Φ_{D P} = Φ_{h h} - Φ_{v v}

where Φ_DP is the differential propagation phase shift in deg, Φ_hh is the phase of the horizontally polarized signal, Φ_vv is the phase of the vertically polarized signal. Subsequently, by the rate of change of Φ_DP , the specific differential propagation phase shift K_DP (in deg km^-1) can be derived as:

K_{D P} = \frac{Φ_{D P} (r_{2}) - Φ_{D P} (r_{1})}{2 (r_{2} - r_{1})}

We discuss these six polarimetric radar signatures. Some additional polarimetric signatures exist, such as the complex correlations between co-polar and cross-polar voltages as backscattering signatures, and attenuation and depolarization as propagation signatures (Zrnic and Ryzhkov, 1999), but the uses of these signatures have been limited since their suitability in precipitation remote sensing is still an active area of research.
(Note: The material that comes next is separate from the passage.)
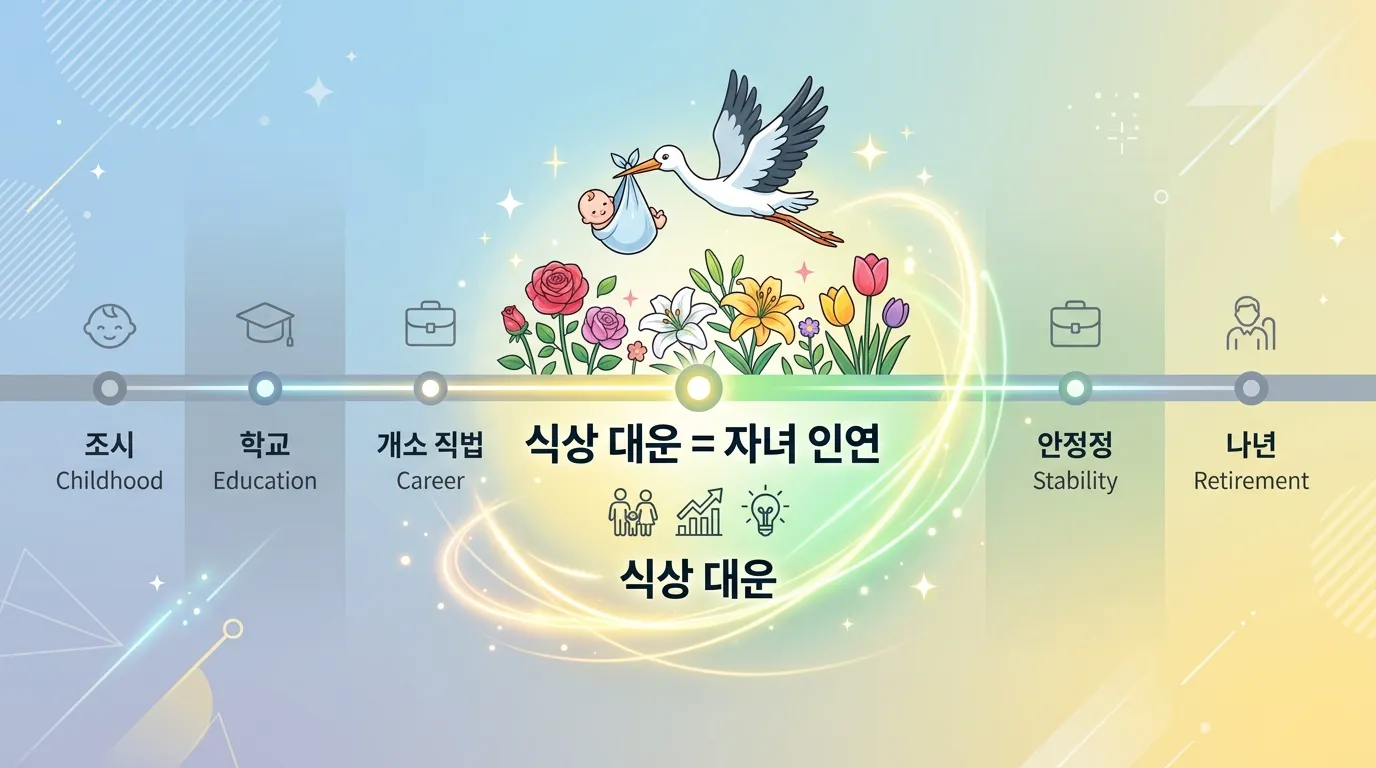 대운과 자녀운의 시기 — 식상 대운에 자녀 인연이 열리는 원리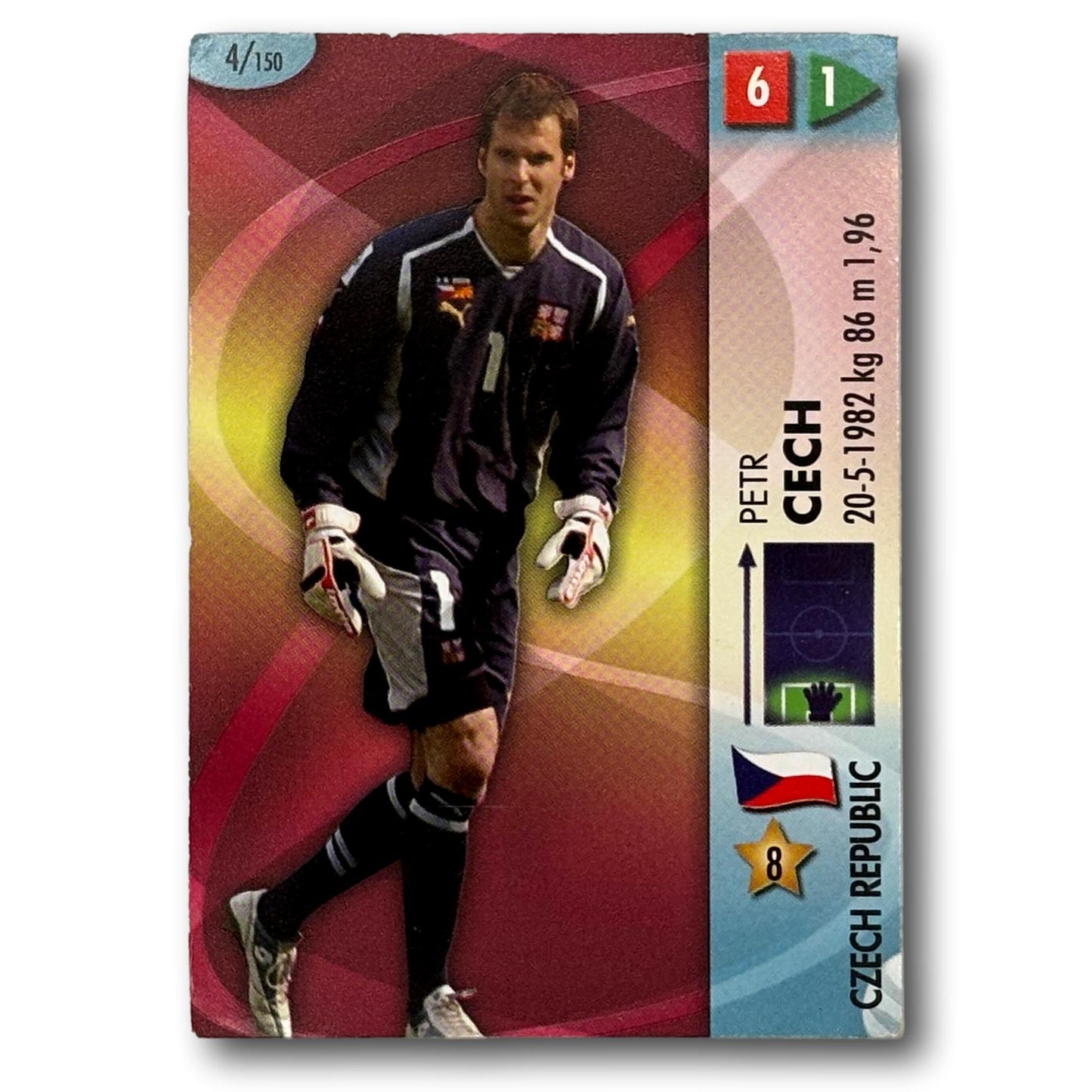 Panini FIFA World Cup 2006 - Petr Cech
Also, Z_h,v is related to the sixth moment of DSD, Z_DR is related to the reflectivity-weighted mean diameter of DSD, and K_DP is related to the product of water content and diameter of DSD. Relating to the DSDs, the intrinsic polarimetric signatures Z_h,v (mm⁶ m^-3), Z_DR (dB) and K_DP (deg km^-1) can be defined as (Bringi and Chandrasekar, 2001; Bringi et al., 2002):

Z_{h, v} = \frac{4 λ^{4}}{π^{4} | K_{w} |^{2}} \int_{D_{m i n}}^{D_{m a x}} | S_{h h, v v} (D_{e q}) |^{2} N (D) d D

Z_{D R} = 10 log (\frac{\int_{D_{m i n}}^{D_{m a x}} | S_{h h} (D_{e q}) |^{2} N (D) d D}{\int_{D_{m i n}}^{D_{m a x}} | S_{v v} (D_{e q}) |^{2} N (D) d D})
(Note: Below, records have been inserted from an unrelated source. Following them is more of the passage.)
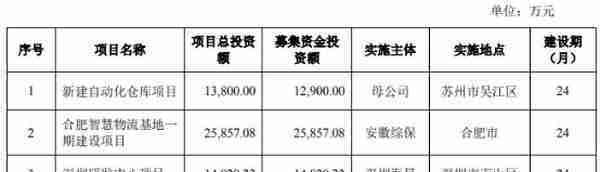 海晨物流4年遭72次处罚 行业下行趋势供应商资质存疑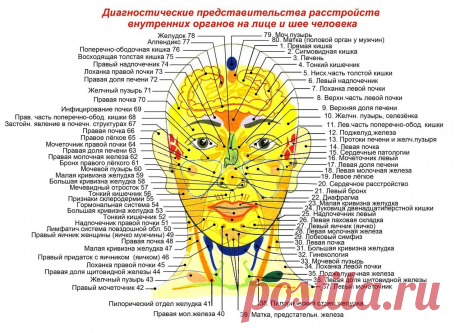 Что на лице написано, или Как по внешности определить диагноз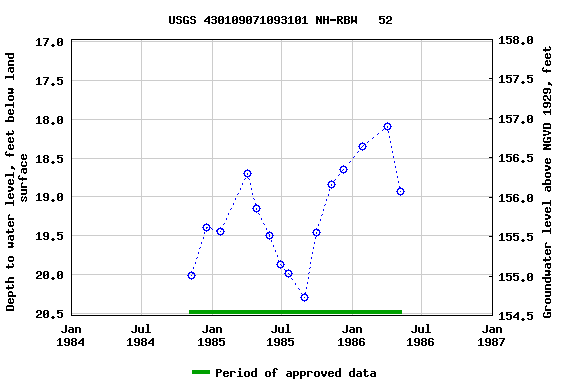 Graph of groundwater level data at USGS 430109071093101 NH-RBW   52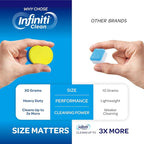 Dishwasher Cleaner and Deodorizer Tablets - Image 2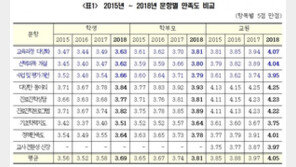 서울 일반고 진학률 67.5%로 반등…정책 만족도↑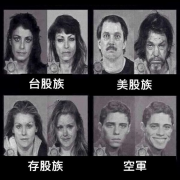 發文者頭像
K_{D P} = \frac{180}{π} λ [\int_{D_{m i n}}^{D_{m a x}} ℜ {f_{h h} (D_{e q}) - f_{v v} (D_{e q})} N (D) d D]

where N(D) is the DSD, D_eq is the raindrop equivolumetric diameter in mm, D_min and D_max stand for the minimum and maximum drop diameter of the DSDs, S_hh,vv (D) are the backscattering co-polar components of the complex scattering matrix S of a drop, f_hh,vv (D) are the forward scattering amplitudes at horizontal and vertical polarization states, and ℜ is the real part of the complex number. The equivolumetric diameter D_eq is related to the axis ratio of a raindrop and discussed in the next section.

3 Raindrop shape models

The principle of polarimetric radar measurement is based on drops being oblate in shape, not spherical (as is the case for single polarization radar). Generally, drop sizes smaller than 1 mm are spherical, but the shape becomes more oblate as the size increases. The drop shapes are exemplified by the ratio between the maximum vertical and horizontal axis, the axis ratio (b/a), as a function of its equivolumetric diameter (D_eq ). The representation of axis ratio with respect to the equivolumetric diameter plays a central role in the definition of polarimetric radar signatures. Furthermore, the information of axis ratio is important for radar rainfall algorithms development and for derivation of the DSDs using polarimetric radar signatures Z_H , Z_DR and K_DP (Beard et al., 2010; Hagen and Meischner, 2000; Thurai and Bringi, 2005). Additionally, to simulate the polarimetric radar signatures from DSD measurements, one must assume a relationship between b/a and D_eq (Pepler et al., 2011; Thurai et al., 2007). The derivation of the DSDs, the estimation of rainfall rates or the simulation can all be hampered to a significant extent due to a small error in the axis ratio (Bringi and Chandrasekar, 2001).

Figure 1.

Illustration of different raindrop shape models (D_eq vs b/a).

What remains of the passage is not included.